THE IMMIGRATION ACTS


Heard at Field House
Decision & Reasons Promulgated
On 3rd June 2016 and 11th July 2016
On 1st August 2016




Before

DEPUTY UPPER TRIBUNAL JUDGE SAINI



Between

DISTIN JAY GARUILLES
(ANONYMITY DIRECTION NOT MADE)

Appellant
and

THE SECRETARY OF STATE FOR THE HOME DEPARTMENT

Respondent

Representation:

For the Appellant: Litigant in person, unrepresented; formerly represented by Theva Solicitors
For the Respondent: Mr P Duffy, Senior Presenting Officer (3 June 2016)
Miss Z Ahmad, Senior Presenting Officer (11 July 2016)


DECISION AND REASONS

1. The Appellant appeals against the decision of First-tier Tribunal Judge Joshi promulgated on 22nd October 2015 against the Secretary of State's decision to refuse leave to remain on 29th May 2014 pursuant to paragraph 276ADE of the Immigration Rules and Article 8 ECHR.
2. The Appellant was granted permission to appeal by First-tier Tribunal Judge Parkes. The grounds upon which permission was granted may be summarised as follows:
"The grounds argue that the Appellant and his representative attended when the case was listed as a float but not reached and did not receive a notice of the renewed hearing which is itself an error. It is also argued that he cannot be reintegrated into the Philippines and that the judge had not applied a facts sensitive approach to the case.
If the Appellant and his representative did not know of the re-listed hearing that would be an error of law, there is little merit in the other submissions but they would have to be re-argued. The First-tier Tribunal file does show that a notice of hearing was sent to the Appellant and his representatives on 7th March 2015 and it is surprising that if the representatives did not hear of a new date they were prepared to do nothing and made no contact with the First-tier Tribunal to chase the matter up. That said, it is an error if they genuinely did not know of the date."
3. The Secretary of State provided a Rule 24 reply that was considered by all parties before the hearing commenced.
Error of Law
4. At the close of submissions on the second hearing I indicated that I would reserve my decision which I shall now give. I find that there was an error of law in the decision, such that it should be set aside.

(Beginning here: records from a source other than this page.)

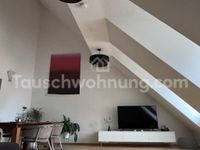 [TAUSCHWOHNUNG] Besondere 2 Zi Maxvorstadt gg ruhige 3 (>) Zi mit Balkon München - Maxvorstadt Vorschau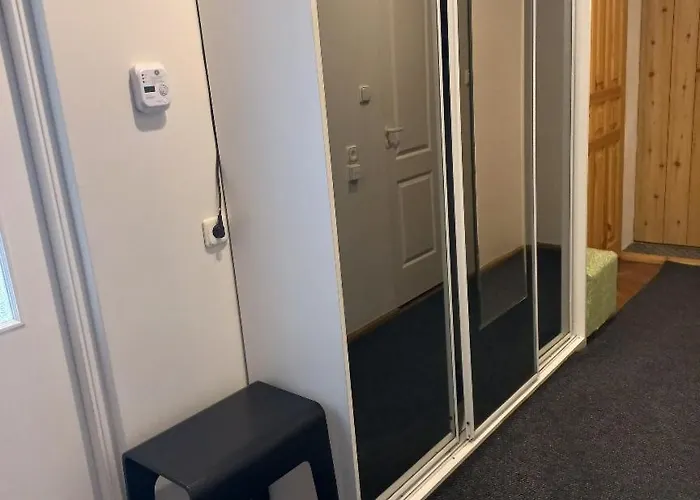 Large 3-room In A Historic House Apartment Tallinn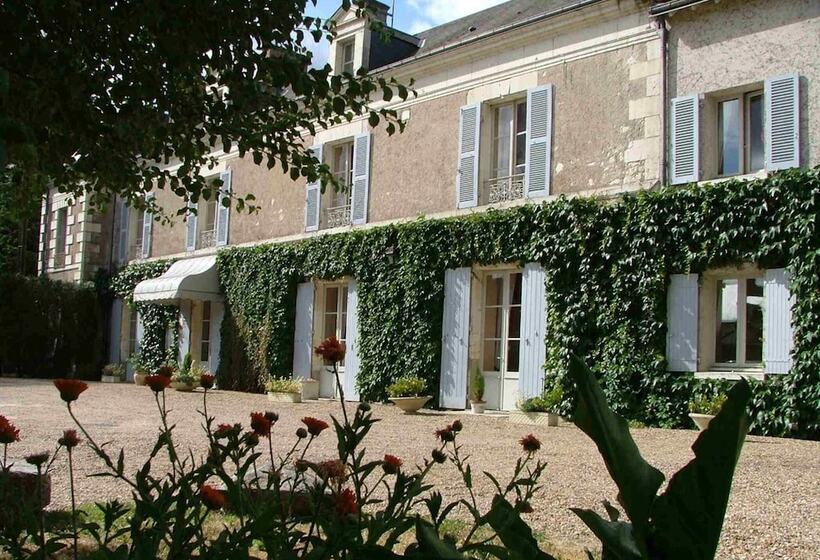 Hotel Hostellerie Le Clos Du Cher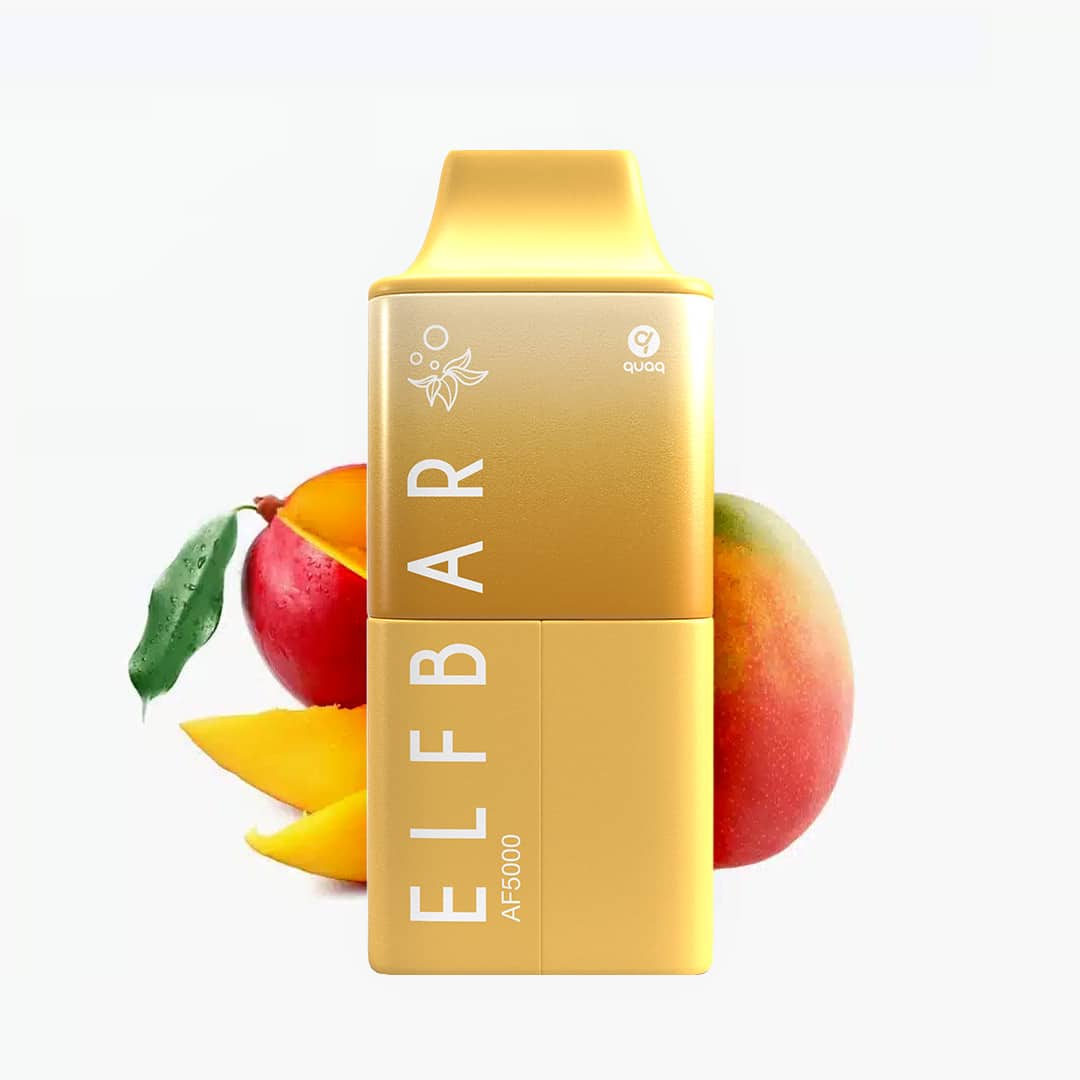 Elfbar AF5000 | Triple Mango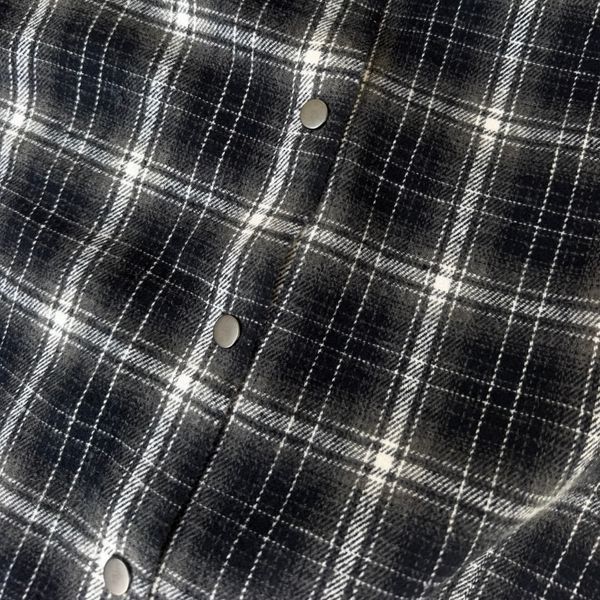 Сорочка Checked Shirt 003 SHRTCH003 фото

My reasons for so finding are as follows.
5. Pursuant to directions that I gave on 3rd June 2016 indicating that the Tribunal would be assisted if the Appellant filed further evidence in relation to the non-receipt of the notice of hearing sent out on 7th March 2015, the Appellant produced a signed letter by himself wherein he confirmed that he did not receive the notice of hearing and was therefore unaware of the 15th July 2015 adjourned hearing date. Attached to his letter was a separate letter from his previous solicitors (Theva Solicitors) which stated inter alia as follows:
"We now request the learned Tribunal to consider this letter as an official statement from our firm that we have not received the notice of hearing informing the hearing date of 15th July 2015."
6. I am prepared to accept the Appellant's evidence as truthful that he did not receive the notice of hearing informing him of the hearing date of 15th July 2015. My reasons for so finding are that the Appellant did previously attend the Tribunal for his hearing which took place on 4th February 2015 when he was allocated to the "float" list but the Tribunal was unable to deal with his appeal that day due to lack of court time at IAC Hatton Cross. That notice of hearing would also have been sent to the Appellant's representatives Theva Solicitors and on balance I find it credible that the Appellant would not have attended the first hearing to then receive the second notice and simply ignore it, only to complain about it later.
7. In relation to the notice being sent to the legal representatives and their afore-mentioned letter, I am just satisfied that the legal representatives did not receive the notice of hearing informing them of the hearing date of 15 July 2015 and accept that letter on balance.
8. Like Judge Parkes, I formally note my quiet surprise at the solicitors' conduct of the appeal. I do also note that the solicitors did not attend either of the two hearings before me to assist the Appellant and they also did not attend Hatton Cross on 4 February 2015 either. Indeed, it appears that Theva Solicitors have not attended the Tribunal once throughout the course of the Appellant's appeal.
9. The solicitors also failed to provide a witness statement from the supervising solicitor at the firm confirming the non-receipt of the notice of hearing, which one would have expected from them so as to assist the Tribunal as officers of the court. I do record the Tribunal's astonishment at the apathy shown towards the directions of this Tribunal. However, as the solicitors removed themselves from the record on 13 June 2016 the matter will go no further.
10. Given that the Appellant was not informed of the notice of hearing I do just find that there is sufficient error in the Tribunal proceeding to determine the appeal in the Appellant's absence and his representative's absence such that the determination should be set aside in the interests of fairness (pursuant to the decision in Nwaigwe (Adjournment: fairness) [2014] UKUT 418 (IAC). In light of the above findings, I set aside the decision and findings of the First-tier Tribunal in their entirety.
Decision
11. The appeal to the Upper Tribunal is allowed. The decision of the First-tier Tribunal is set aside and the appeal is remitted to the First-tier Tribunal to be heard by a differently constituted bench.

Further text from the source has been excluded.